The Commonwealth's explanations of how the circumstances could possibly have created a danger of actual harm are not such that Mr. Baker should have reasonably forseen their occurrence. The remote nature of the Commonwealth's asserted possible sequence of events indicates the unreasonableness of requiring an actor to foresee such unusual results. In the present case we do not have a car being driven down a highway at fifty miles per hour as we did in Painter, nor do we have an unloaded gun being pointed at an armed police officer with innocent people standing nearby as we did in Stetler, nor do we have the unique situation of a gun being terroristically pointed at patrons inside a crowded bar as we did in Holguin.[3] What we do have is a fracas between only a handful of individuals in a parking lot in the middle of the night with no other circumstances indicating a significant risk of danger. We, therefore, find the analysis of the trial court to be particularly sound and persuasive:

In the present case, the defendant allegedly pointed the gun at the men while all the participants in the fracas were standing in the parking lot of the [bar]. The Commonwealth *45 produced no evidence of any dangerous condition in the parking lot which could have endangered the victim. Furthermore, the incident occurred late at night when the traffic in the lot and on the adjacent highway was at a minimum. * * * The Trowbridge decision placed a heavy burden on the Commonwealth to prove actual present ability to inflict death or serious bodily harm by showing either that the gun was loaded or the surrounding circumstances were inherently dangerous. In light of this decision, we were constrained to rule that the Commonwealth had failed to produce evidence which could prove beyond a reasonable doubt that the defendant recklessly endangered the victims when he pointed the unloaded weapon at them. The defendant's demurrer was, therefore, sustained and the defendant discharged.

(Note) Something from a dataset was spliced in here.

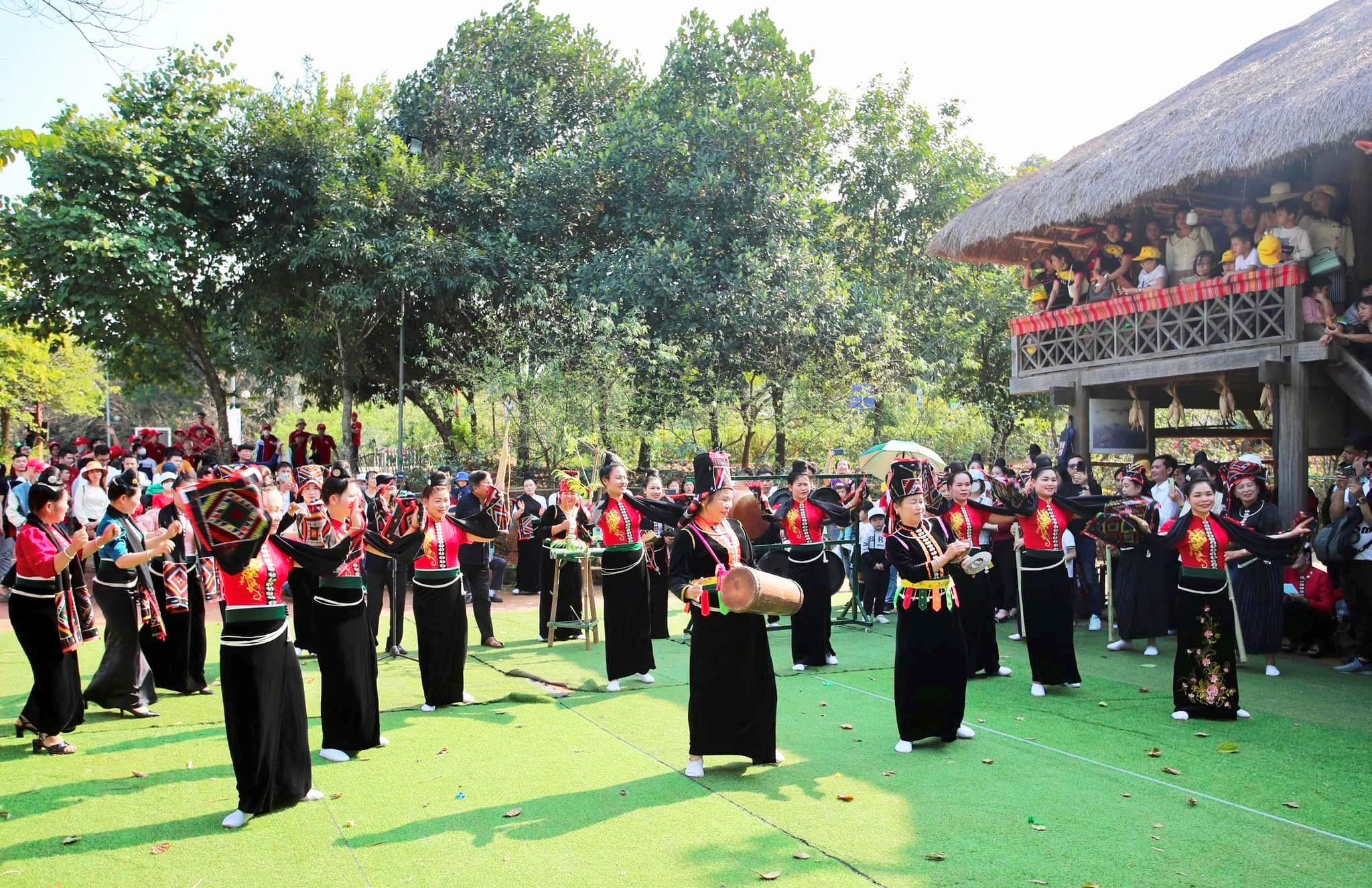 Giới thiệu di sản văn hóa phi vật thể “Nghệ thuật xòe Thái” được UNESCO ghi danh là di sản Văn hóa phi vật thể đại diện của nhân loại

In conclusion, we hold that the lower court properly granted Mr. Baker's demurrer to the evidence and we, therefore, affirm the well-founded decision of the court below.


WATKINS, J., dissents.


[1] After Trowbridge, it is now the law that the person put in danger of actual harm must be one of the individuals whom the accused is charged with endangering. 261 Pa.Super. at 116 n. 15, 395 A.2d at 1341 n. 15.

[2] See Crimes Code, 18 Pa.C.S. § 2701(a)(3) (1973) and Commonwealth v. Gouse, 287 Pa.Super. 120, 429 A.2d 1129.

[3] In Holguin, it was not clear whether the gun was loaded at the time it was brandished; however, this Court there indicated that it was reasonable to infer that the gun was loaded from the fact that it was deliberately used to terrorize others. 254 Pa.Super. at 308 n. 15, 385 A.2d at 1353 n. 15.